The proof of work described in the original Blockchain paper is based on a system called Hashcash, that was developed in 1998 to combat spam email. The sender is required to find a value called a **nonce** that is specific to a particular message, and that demonstrates that they put effort into creating the message. A valid nonce is rare to find by chance, but easy to verify once found.

This property – numbers and relationships that are challenging to find, but trivial to verify – is the basis of most of modern cryptography. Hash functions are one example. A hash function takes arbitrary input and returns a value within a fixed range. In a good cryptographic hash, the result (sometimes simply called the “hash” of the input) is randomly distributed across that range. It is difficult to author an input to get any particular hash value.

The hashcash algorithm is simple: The **nonce** is combined with the message to be sent, and the combination is hashed. The hash result must be small relative to all possible hash results. Exactly *how* small is a parameter that can be used to tune the algorithm.

For example, if the hash function returns a 256 bit value, there are 2^{256} possible results. If we insist the nonce be a value that makes the first 16 of those bits ‘0’, we are insisting that senders find one of 2^{240} values from among 2^{256} possible hash results. The probability of this happening by random chance are one in 2^{16}, or something like 1 in 65,000.

On *average* (assuming that we have picked a good hash function) senders will have to try 2^{16} nonces before finding a valid one. If we assume that each hash takes 1 second to calculate on a single CPU, the sender would invest (on average) slightly under a CPU day per message.

In the email system proposed in 1998 (I would love to use something like this, by the way) senders invest some amount of computation in creating a nonce for each message. Receivers sort or apply thresholds based on the value of the hash. Low numbered hashes represent an investment in the message. Human beings who type or dictate messages to small numbers of recipients won’t even notice the additional compute effort. Mass marketing campaigns will be expensive.

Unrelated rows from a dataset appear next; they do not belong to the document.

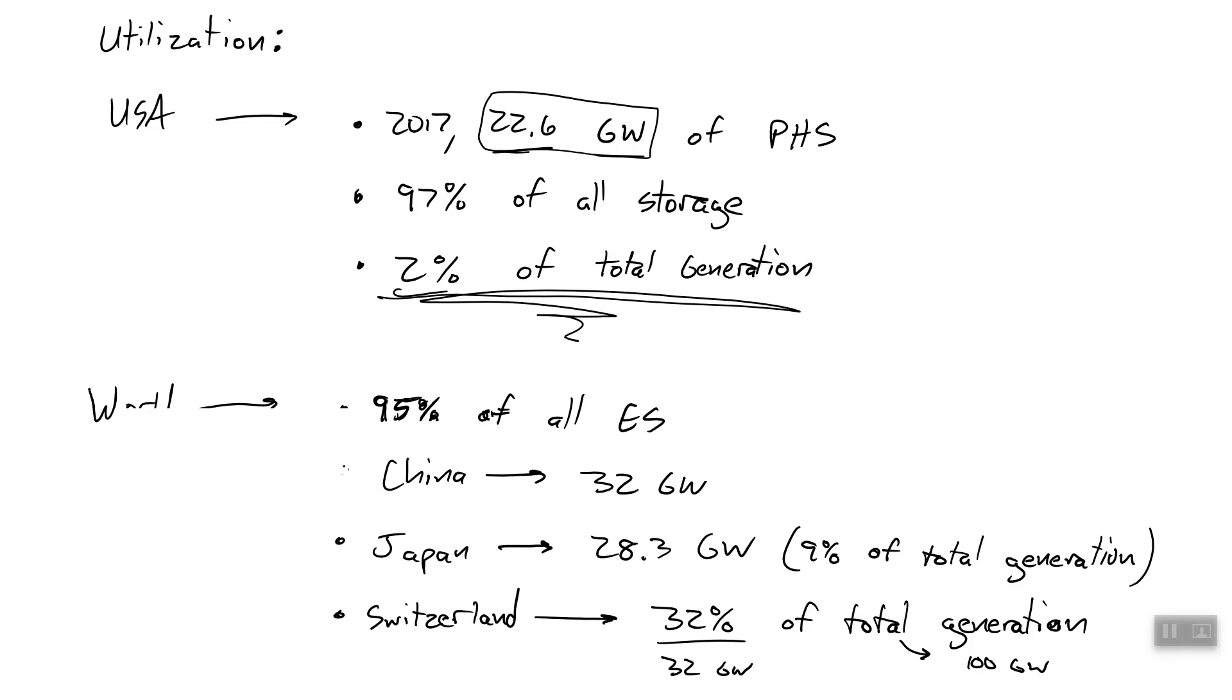So a long ways to go. We're getting there. The real problem is we're going to run out of spaces to do it before we meet the current demand. So we need a different way to store power. And that's where batteries come in.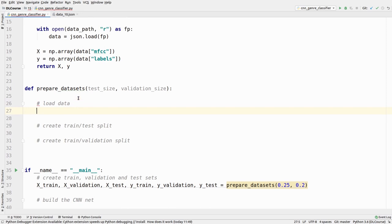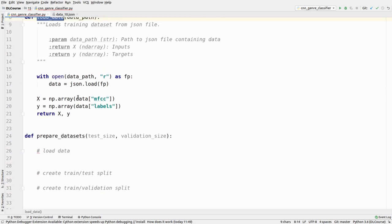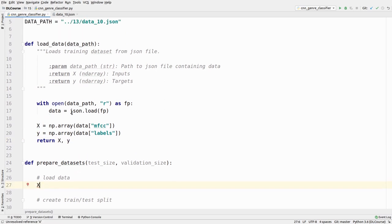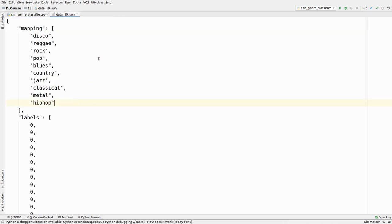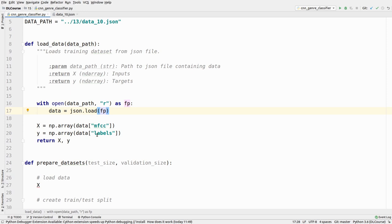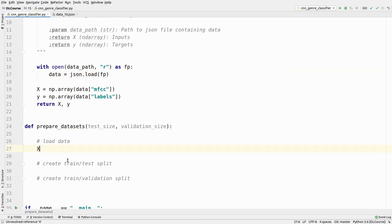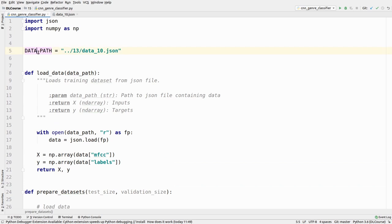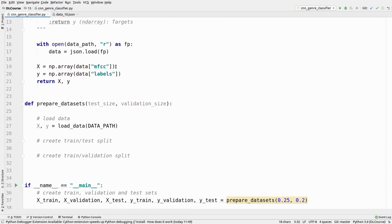Inside prepare_datasets, the first step is to load the data. We already have a load_data function that reads from our JSON file — which contains all the MFCCs, labels, and a mapping of indexes to genre labels — and returns x and y. We call load_data passing in the DATA_PATH constant, which you should update to your own path.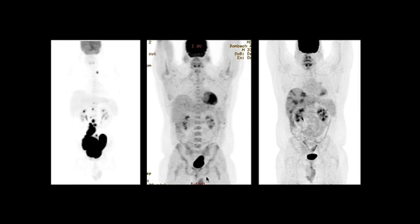The patient comes back for a follow-up, and on the subsequent whole body image on the right we see heterogeneous areas of hypermetabolism involving the entire liver. They're not focal and not very intense in FDG activity, but certainly are concerning for lymphoma or some other process.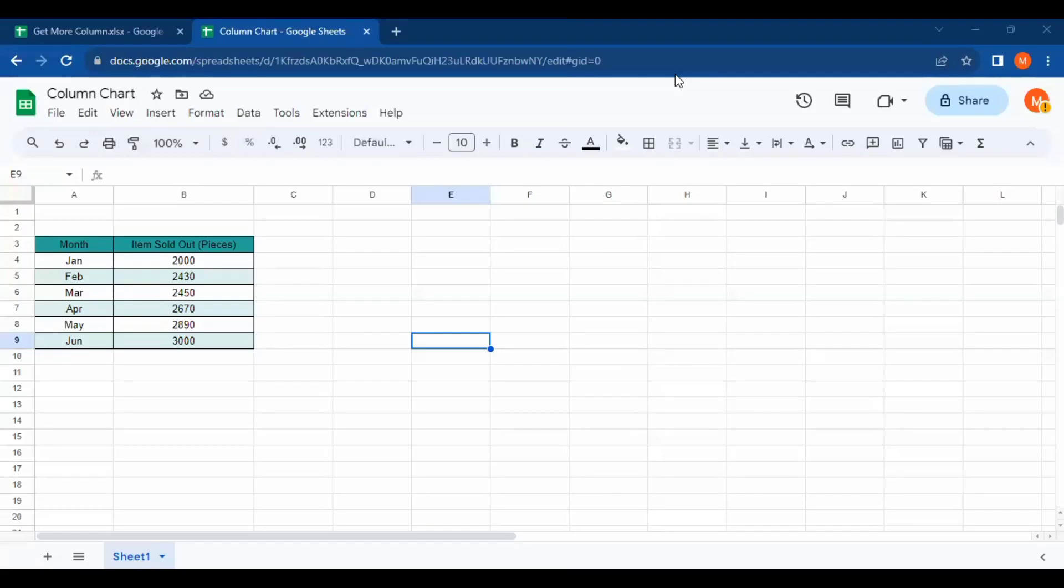Hello guys, welcome back to the channel. This video will show you how to create a chart in Google Sheets. Let's get started. First, open your Google Sheets on your laptop or PC.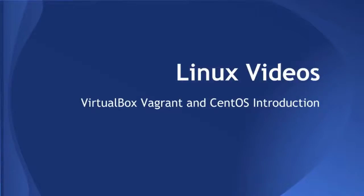Hey, welcome to Linux videos. The topic of this video series is VirtualBox, Vagrant, and CentOS.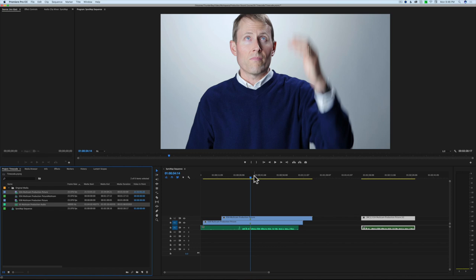Some other considerations: on professional productions, even when using time code, you still typically use a clapperboard in case something goes wrong - so you can still sync things up easily. If you're relying on time code and something gets muddled, like a time code generator not set properly or running out of battery, having that clapperboard is a great backup. It's not difficult to use a slate up front. I hope that's helpful - there's an overview of time code.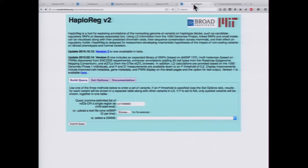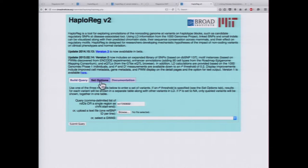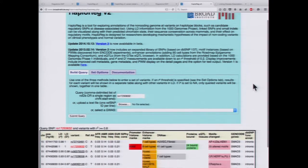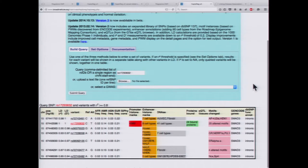We are pretty sure that something is going on at this locus, but it's also possible there are other SNPs in LD with our lead SNP that could be contributing as well. We want to look at other SNPs in LD, so we use HaploReg. Since this particular study was done in European populations, we keep that setting and submit our query. Now we can see all the different variants that are in LD with our queried variant, shown in red.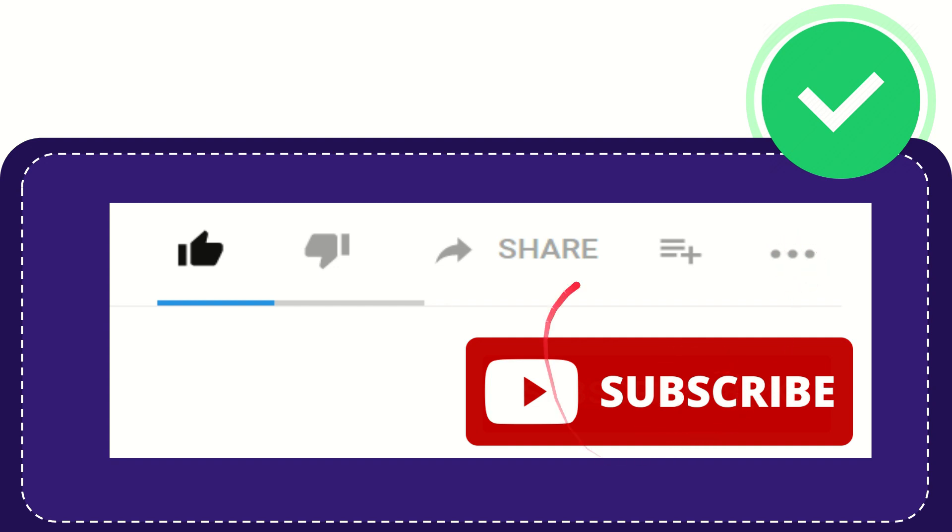Don't forget to subscribe. I think that's all of it. Thank you so much for watching this video and see you again in another video. Bye bye, see you again.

*This exact computation* is the work of “mining” in the Bitcoin network. The language of “mining” or “finding” bitcoins obscures the fact that we’re actually searching for nonces.

Of course, compute power keeps getting cheaper, so we need to have a flexible system. Fortunately, the tunable parameter of the nonce makes this simple. If compute performance on hash functions were governed by Moore’s law (it’s actually a bit more complex), then we would need to increase the strictness of our nonce by one bit every two years.

The Bitcoin network has been tuning its proof of work to produce valid blocks at a remarkably consistent rate of about one every ten minutes since 2010.

*P.s: Thanks to Eleanor of Diamond Age Data Science for this post explaining the difference between probabilities and likelihoods. An earlier version of this post used the words incorrectly.*

Long-time reader first-time commenter. I need to go back and comment on your articles, like the unicorn rant. I haven’t given much thought to block-chain, mostly because other than cyrpto-currency I’m not sure if I understand the use cases. This post was one the better explanations I’ve seen. Thank you.